Players in the information industry are urging the government to scrap taxes on Information and Communications Technology (ICT) items saying its curtailing growth of the sector.
Techno Brain Managing Director Manoj Shanker says the 16 percent value added tax on imported ICT equipment has made Kenya an expensive business destination.
In response, Deputy President William Ruto said the government is looking at offering tax holidays to spur growth in the ICT sector speaking during the unveiling of Microsoft research and testing centre.
In 2013, the government imposed a 16 percent value added tax on mobile phones, laptops and other ICT equipment in a move that was widely criticized by industry players.

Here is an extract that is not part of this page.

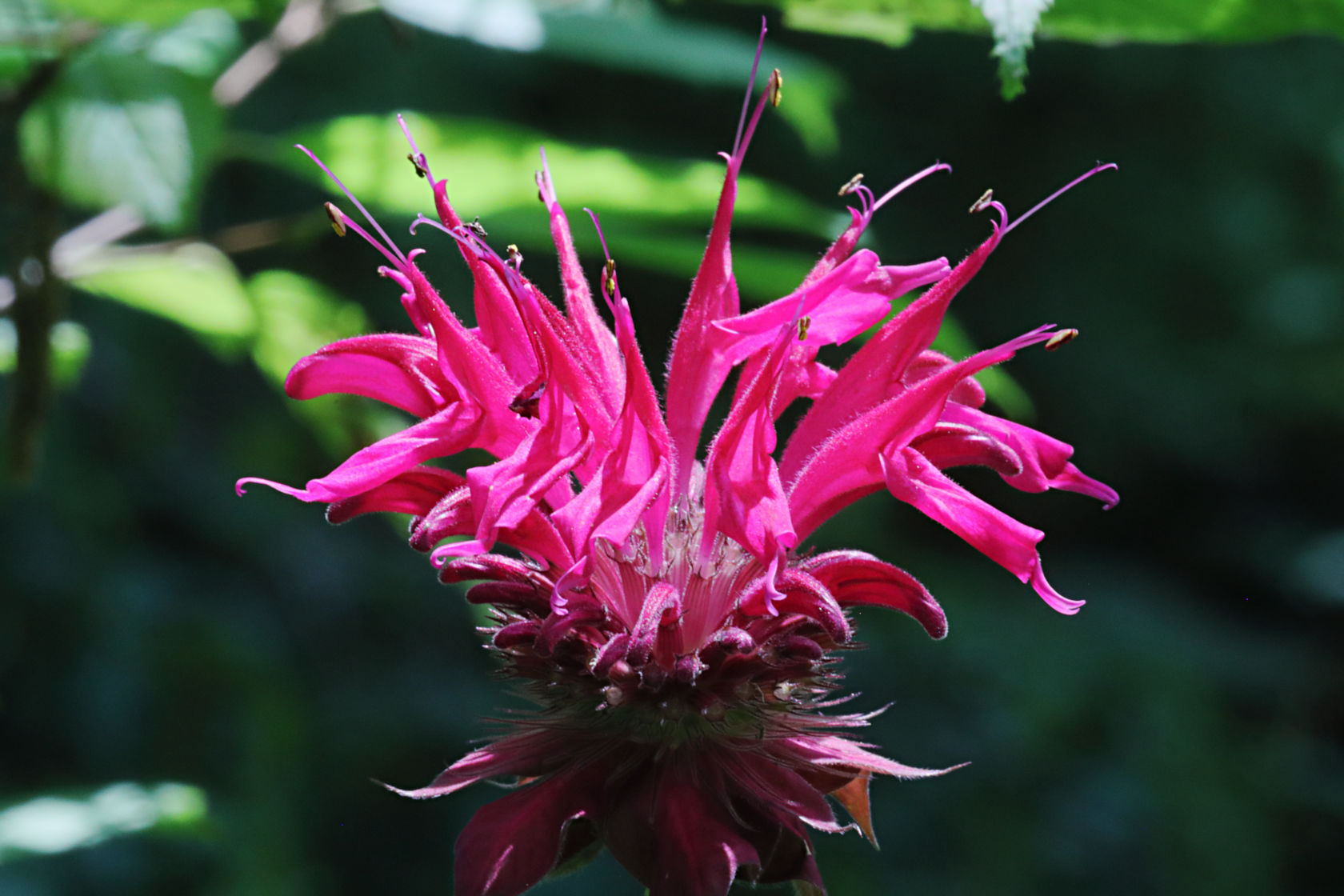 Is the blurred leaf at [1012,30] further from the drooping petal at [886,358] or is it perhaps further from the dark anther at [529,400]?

Though overall the sector grew by 11 percent in 2017, the number of ISP players dropped from 242 to 219 with a majority of them moving to Rwanda and Tanzania due to better tax incentives.
The 2018 economic survey shows that the value of investment by the telecommunication players dropped by 26 percent to 38 billion shillings in 2017.
Deputy President Ruto said the government is looking at challenges facing the ICT sector and will soon unveil a package of tax incentives to give the country a competitive edge.
The testing center which is the first in Africa and the fourth in the world is expected to create 1,000 jobs in the next three years and training thousands of people on cutting edge technology like applications and programs development.
Deputy President Ruto said the government has accelerated the roll-out of the national fiber optic backbone infrastructure that will avail high speed and low cost broadband to all the 47 counties once completed.